Members and Chairman

The members and the Chairman of the Audit Committee (the "Committee") shall be appointed by the Board from amongst the independent non-executive directors of the Company.


Authority

The Committee is authorized by the Board to investigate any activity of the Company within its terms of reference. The Committee is authorized to obtain all the information and explanations which its members consider necessary to fulfill the duties of the Committee.

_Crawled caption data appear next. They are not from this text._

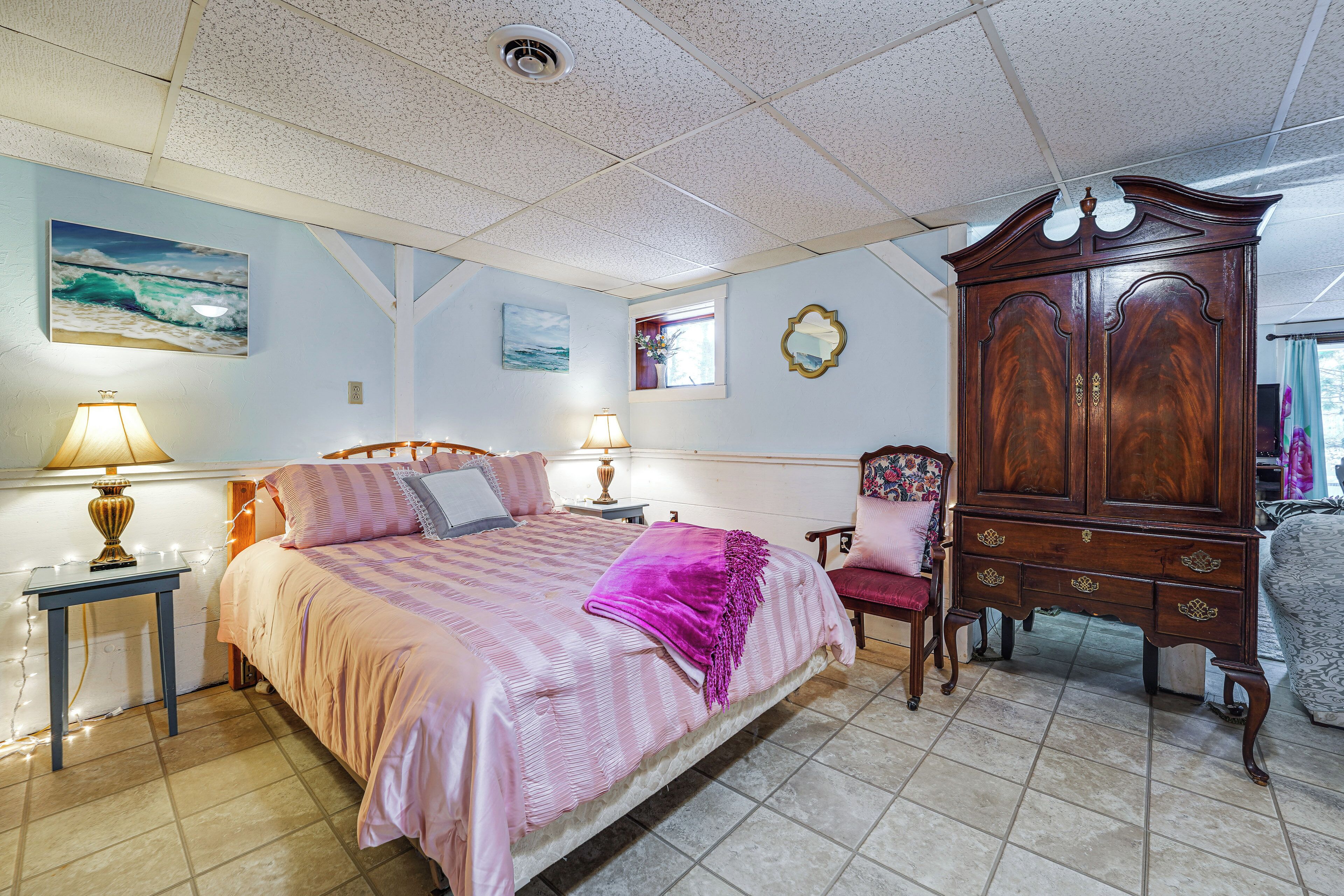 A bedroom with a bed, bedside tables, a dresser, a chair, and artwork on the walls.
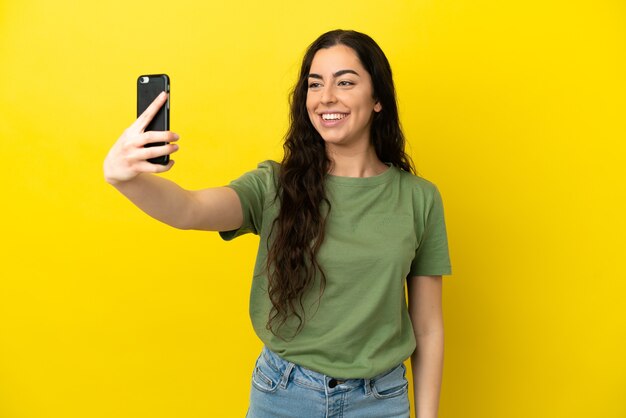 Jovem mulher caucasiana isolada em um fundo amarelo fazendo uma selfie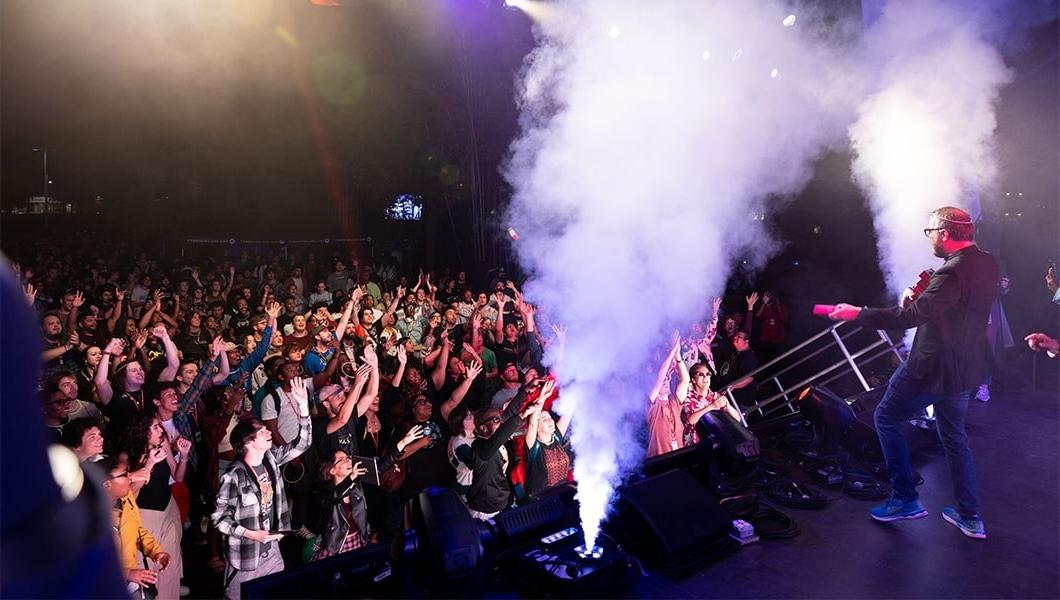 A man in a black blazer is throwing prizes into the crowd. There are two smoke machines on stage. 观众们面带微笑，他们伸向舞台前面，想要抓住奖品.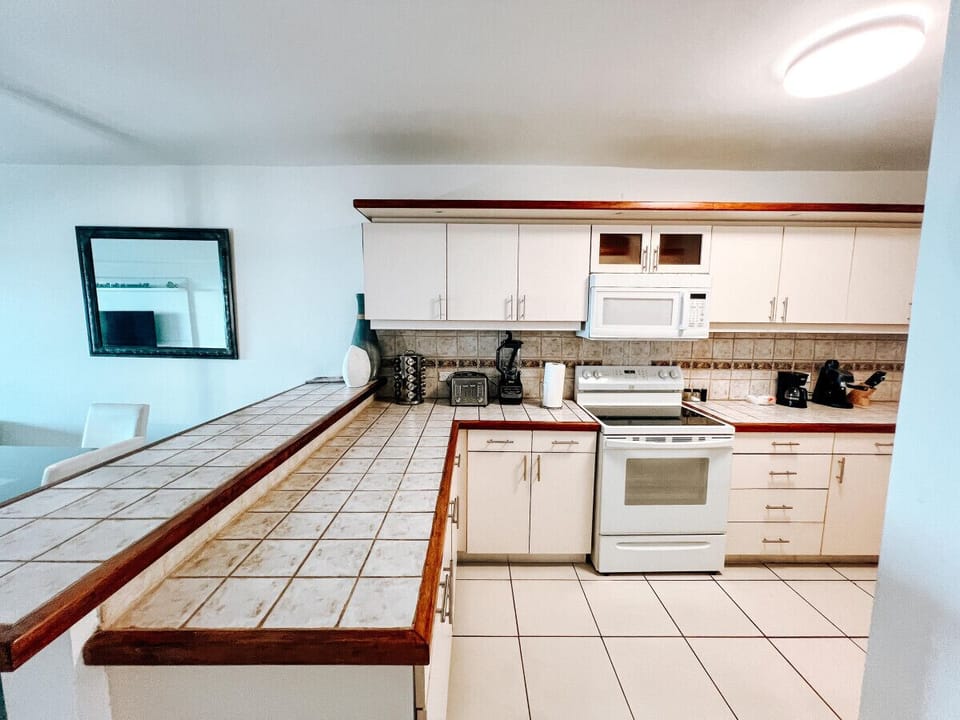 A spacious, well-stocked kitchen with everything needed for preparing meals, from modern appliances to ample counter space.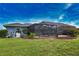 Well-maintained backyard with a screened-in lanai, lush lawn, and privacy landscaping at 536 Boundary Blvd, Rotonda West, FL 33947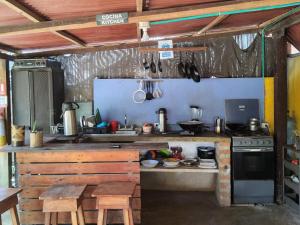 a kitchen with a stove and a table in it at Hostal & Dormitorio Buena Onda in Palomino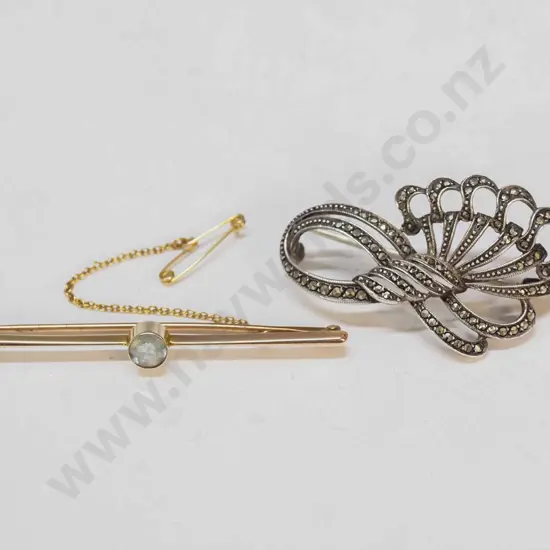 9ct bar brooch with light blue stone & a marcasite brooch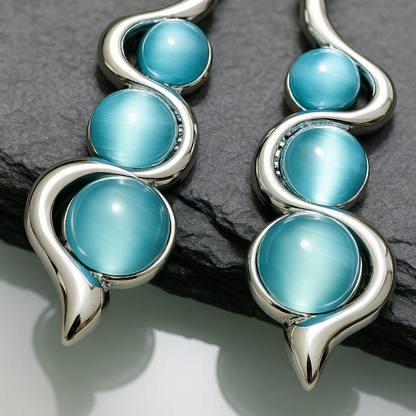 Boucles d'oreilles Pendantes en Forme de Vague avec Pierre Bleue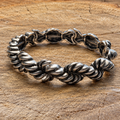 Antique silver-tone twisted link bracelet on natural wood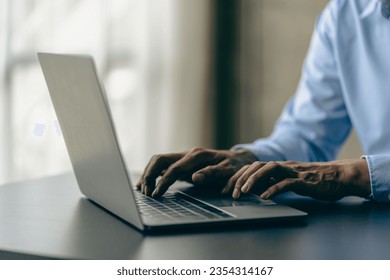 Hands of contemporary young office manager on laptop keyboard during working, surfing net, shopping online or online job. close up pictures - Shutterstock ID 2354314167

In consultation with the Chairman of the Board, the Committee may obtain independent professional advice to assist the Committee in their work.

The Committee shall report to the Board on any of the following irregularities which come to its attention:

  1. suspected frauds and other irregularities;
  2. significant weaknesses in internal control and financial and other reporting;
  3. non-compliance with policies and procedures of the Company; or
  4. infringements of the applicable laws, rules and regulations.


Duties

The Committee shall assist the Board to fulfill its duties concerning internal control and financial and other reporting.

The major duties are as follows:

  1. consider the appointment, resignation or dismissal of the external auditors;
  2. review and discuss the audit plan of the external auditors and the resolution of prior year issues prior to the commencement of the annual audit to obtain assurance that all key risk areas are covered;
  3. review and discuss the scope of work of any internal audit work to be performed; and
  4. review the interim and annual reports and accounts before submission to the Board for approval.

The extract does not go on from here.